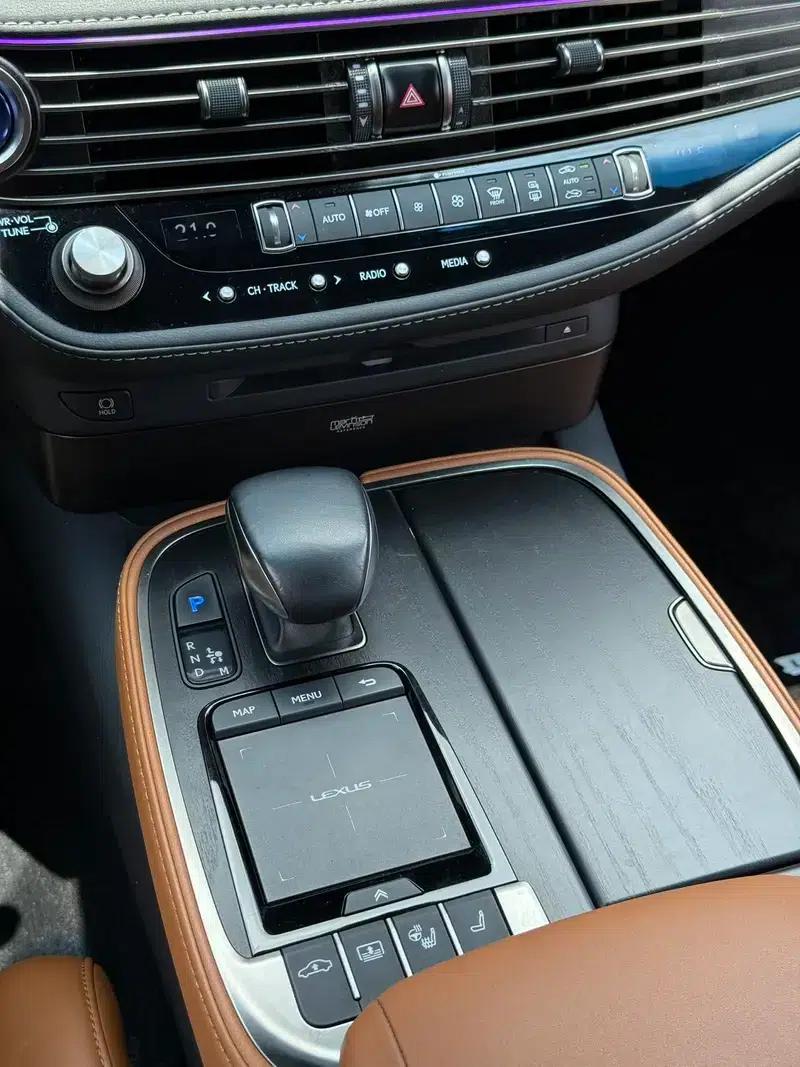 Lexus LS 500h Executive Edition 2021 — миниатюра 7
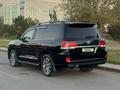 Toyota Land Cruiser 2017 годаүшін31 500 000 тг. в Астана – фото 5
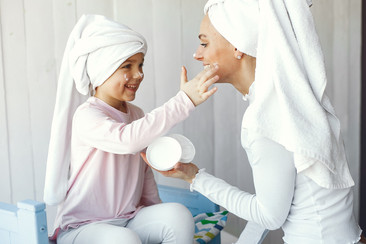 PRODUCTOS NATURALES PARA EL CUIDADO DE LA PIEL DE NIÑOS Y NIÑAS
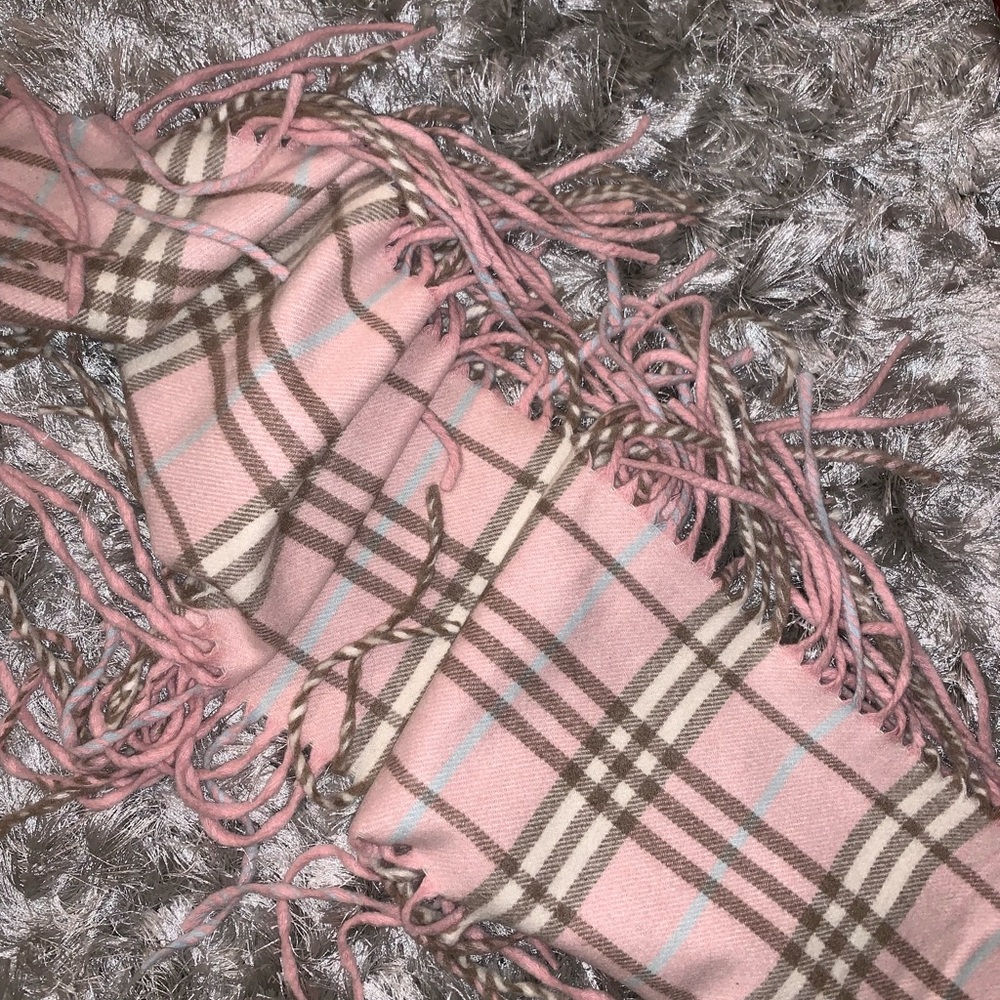 Vintage Pink Burberry Cashmere Scarf with Fringe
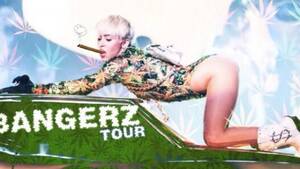 Miley Cyrus Xxx Sex - Miley Cyrus Facing Calls to Axe Bangerz Tour After Parents Protest 'Porn  Show' Performance | IBTimes UK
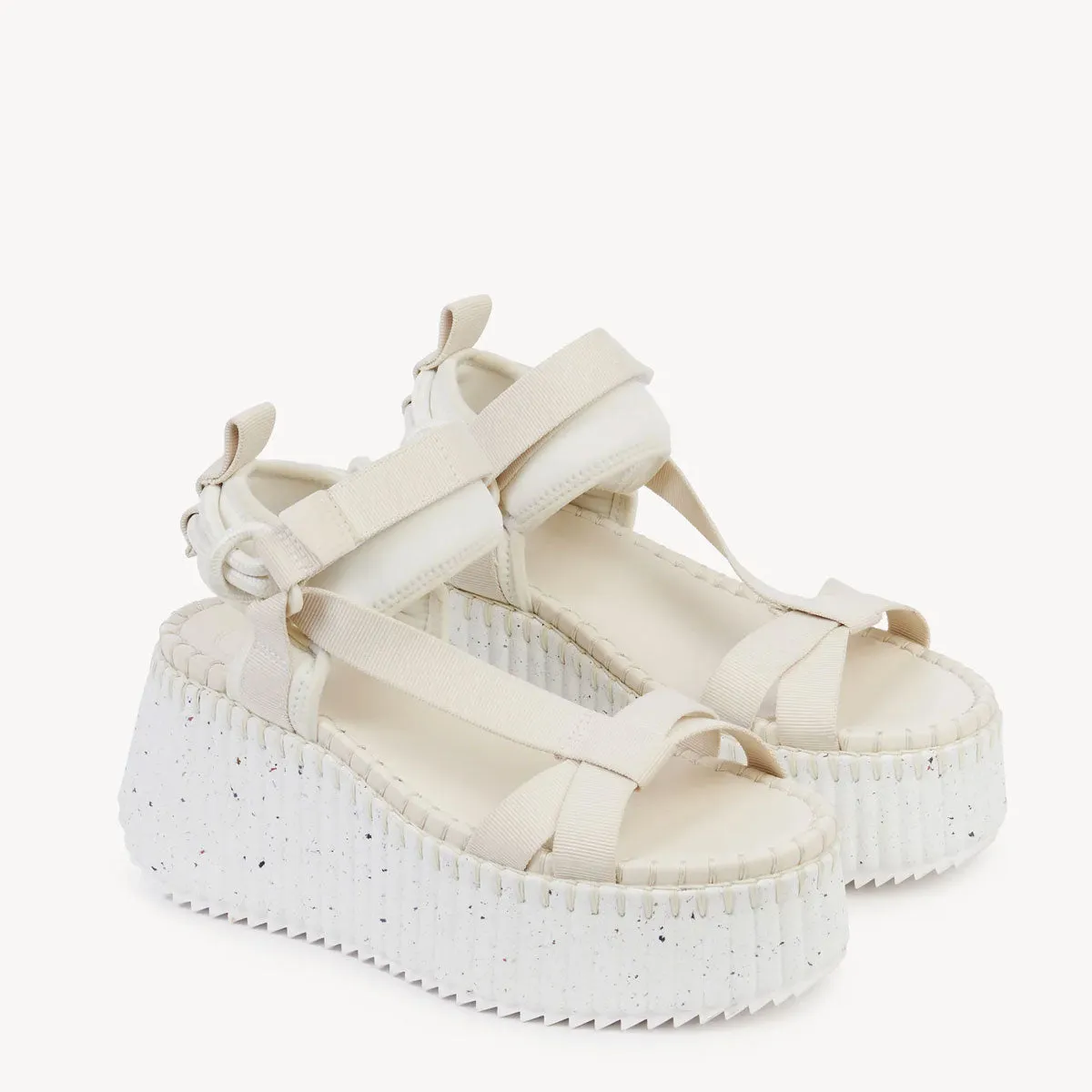 Nama Flatform Sandal, Pearly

TASK REQUIREMENTS:
Set down, word for word, only the lines running from the line with "PRODUCTOS NATURALES PARA" through the final line of the entries above, omitting all pictures.

ANSWER BELOW:
 PRODUCTOS NATURALES PARA EL CUIDADO DE LA PIEL DE NIÑOS Y NIÑAS
 Vintage Pink Burberry Cashmere Scarf with Fringe
 Miley Cyrus Xxx Sex - Miley Cyrus Facing Calls to Axe Bangerz Tour After Parents Protest 'Porn  Show' Performance | IBTimes UK
 Nama Flatform Sandal, Pearly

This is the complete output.